I’ve picked the recipe with which I’d like to start off this blog. I’m not going to share too much just yet, but I’ll
maybe gross you out a little give you a hint by telling you that it’s a dessert and the recipe (a pretty old one, circa 1930!) calls for beef suet. I’ll be cooking tomorrow and you’ll get all the details then. However, I didn’t want to spend all your precious recipe reading and picture viewing time tomorrow with a tutorial on “What is beef suet?” So, I’ll just give you the lowdown in advance so that tomorrow we can carry on with the business of cooking. Sound like a plan? Good.

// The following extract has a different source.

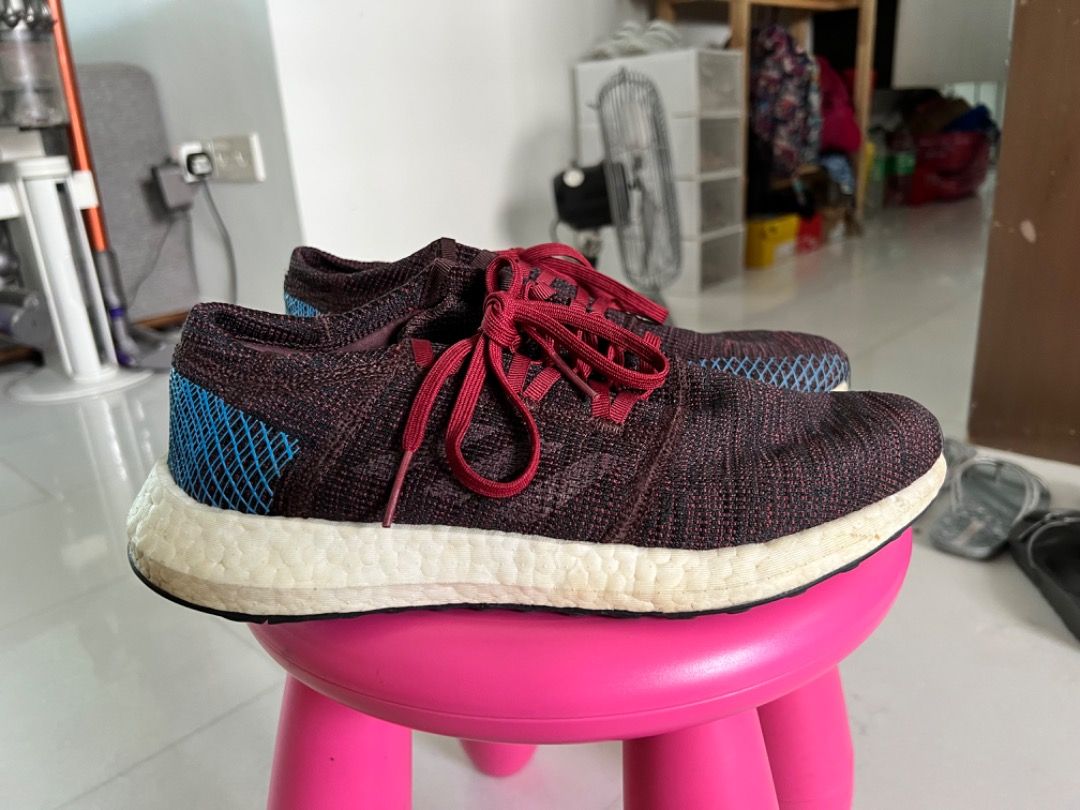 Adidas pure boost go red online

Beef suet is fat that comes from, as you might have guessed, a cow. More specifically, from around the loin and kidney part of a cow. When we think of beef, and cows, we imagine savory things. It’s counter intuitive to think of it as a dessert ingredient. However, in the “olden days,” beef or mutton suet was used for lots of things other than getting a good sizzle out of a steak…candle making or bird feeders, as well as the fat component in pastries, puddings (steamed, bready things of which the Brits are so fond, not the Jello instant kind), and pies. Many mincemeat pie recipes call for beef suet, even to this day.

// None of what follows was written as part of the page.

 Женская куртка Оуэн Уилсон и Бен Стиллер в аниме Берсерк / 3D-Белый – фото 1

Why wouldn’t I just use butter or shortening? Trust me, I Googled “substitutions for beef suet” and every other iteration of that little query. A few sites gave me permission to use another type of solid fat, agreeing that if you’ve never heard of beef suet until trying to find it for a recipe it might seem a little… well… weird. However, even the articles I read that reluctantly agreed that there could be a substitution cautioned that whatever I made would absolutely not taste the same. If I skipped the suet on the first try, I would never know the difference, and therefore probably never know what I was missing.

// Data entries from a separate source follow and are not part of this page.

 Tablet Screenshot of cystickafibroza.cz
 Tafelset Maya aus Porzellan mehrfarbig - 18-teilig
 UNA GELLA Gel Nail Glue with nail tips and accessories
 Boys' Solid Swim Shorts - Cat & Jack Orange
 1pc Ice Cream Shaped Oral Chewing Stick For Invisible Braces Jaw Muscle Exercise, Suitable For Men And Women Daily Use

That idea is not comforting to me. I wanted to know what I was missing, dammit! So, as I often do when I need some weirdo ingredient no one ever actually uses anymore, I paid a visit to my local Whole Foods. It took me three tries, but eventually I found a nice guy back in the meat department who knew what i was talking about, totally got why nothing else would work, and promised to order some beef suet for me. Hopefully, I’ll have it tomorrow and I can tackle this recipe armed, not only with all the right ingredients, but the peace of mind that comes from knowing I’m making the recipe exactly as its original author intended.
Fingers crossed that by this time tomorrow I can update with a little show and tell on my foray into the wonderful world of “American Cookery” (another very obscure hint)… and also, dessert that doesn’t taste like a hamburger.